3

I am writing an artisan console command that loops through all the records in a table and regenerates a field on that table.

The field is a hash and is generated as an md5() of a particular string.

Initially my code looked like this:

// Get all recipes
$recipes = Recipe::all();

$hashProgress = $this->output->createProgressBar(count($recipes));

// Loop over each recipe and generate a new hash for it
foreach ($recipes as $recipe)
{
    $hashString = '';

    $hashString .= $recipe->field1;
    $hashString .= $recipe->field2;
    $hashString .= $recipe->field3;
    $hashString .= $recipe->field4;
    $hashString .= $recipe->field5;
    $hashString .= $recipe->field6;
    $hashString .= $recipe->field7;

    $extras1Total = $recipe->extras1->sum('amount');
    $hashString .= $recipe->extras1->reduce(function ($str, $item) use ($extras1Total) {
        return $str . $item->name . ($extras1Total == 0 ? $item->amount : ($item->amount / $extras1Total * 100));
    }, '');

    $extras2Total = $recipe->extras2->sum('amount');
    $hashString .= $recipe->extras2->reduce(function ($str, $item) use ($extras2Total) {
        return $str . $item->name . ($extras2Total == 0 ? $item->amount : ($item->amount / $extras2Total * 100));
    }, '');

    $extras3Total = $recipe->extras3->sum('amount');
    $hashString .= $recipe->extras3->reduce(function ($str, $item) use ($extras3Total) {
        return $str . $item->name . ($extras3Total == 0 ? $item->amount : ($item->amount / $extras3Total * 100));
    }, '');

    $extras4Total = $recipe->extras4->sum('amount');
    $hashString .= $recipe->extras4->reduce(function ($str, $item) use ($extras4Total) {
        return $str . $item->name . ($extras4Total == 0 ? $item->amount : ($item->amount / $extras4Total * 100));
    }, '');

    $recipe->update([
        'hash' => md5($hashString),
    ]);

    $hashProgress->advance();
}

$hashProgress->finish();
$this->info(' Recipe hashes regenerated.');

After getting to around 10,000 of 28,000 records it would die with a memory exhausted error:

PHP Fatal error: Allowed memory size of 268435456 bytes exhausted (tried to allocate 4096 bytes)
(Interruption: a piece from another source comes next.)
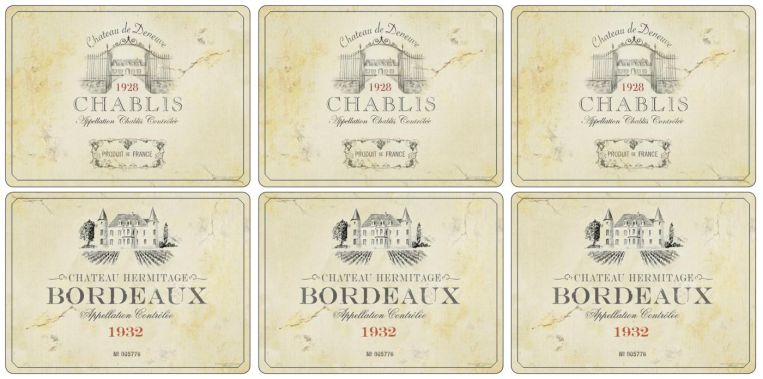 Placemats ´Vin de France´ Mellem 30*23 cm, 6 stk. i æske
I thought chunking this might help:

// Get all recipes
$recipes = Recipe::all();

$hashProgress = $this->output->createProgressBar(count($recipes));

// Loop over each recipe and generate a new hash for it
foreach ($recipes->chunk(1000) as $chunk)
{
    foreach ($chunk as $recipe)
    {
        $hashString = '';

        $hashString .= $recipe->field1;
        $hashString .= $recipe->field2;
        $hashString .= $recipe->field3;
        $hashString .= $recipe->field4;
        $hashString .= $recipe->field5;
        $hashString .= $recipe->field6;
        $hashString .= $recipe->field7;

        $extras1Total = $recipe->extras1->sum('amount');
        $hashString .= $recipe->extras1->reduce(function ($str, $item) use ($extras1Total) {
            return $str . $item->name . ($extras1Total == 0 ? $item->amount : ($item->amount / $extras1Total * 100));
        }, '');

        $extras2Total = $recipe->extras2->sum('amount');
        $hashString .= $recipe->extras2->reduce(function ($str, $item) use ($extras2Total) {
            return $str . $item->name . ($extras2Total == 0 ? $item->amount : ($item->amount / $extras2Total * 100));
        }, '');

        $extras3Total = $recipe->extras3->sum('amount');
        $hashString .= $recipe->extras3->reduce(function ($str, $item) use ($extras3Total) {
            return $str . $item->name . ($extras3Total == 0 ? $item->amount : ($item->amount / $extras3Total * 100));
        }, '');

        $extras4Total = $recipe->extras4->sum('amount');
        $hashString .= $recipe->extras4->reduce(function ($str, $item) use ($extras4Total) {
            return $str . $item->name . ($extras4Total == 0 ? $item->amount : ($item->amount / $extras4Total * 100));
        }, '');

        $recipe->update([
            'hash' => md5($hashString),
        ]);

        $hashProgress->advance();
    }
}

$hashProgress->finish();
$this->info(' Recipe hashes regenerated.');

But I am still getting a memory exhaustion error.

How can I loop through all these records and achieve what I am after without increasing the memory limit?

James
  • 15,754
  • 12
  • 73
  • 91
  • You are referring to a bunch of functions under recipe, I suspect you have a memory leak in there, look for public variables. – Forbs Nov 14 '17 at 23:30

1 Answers1

8

The way you're "chunking" is actually consuming more memory than the initial code.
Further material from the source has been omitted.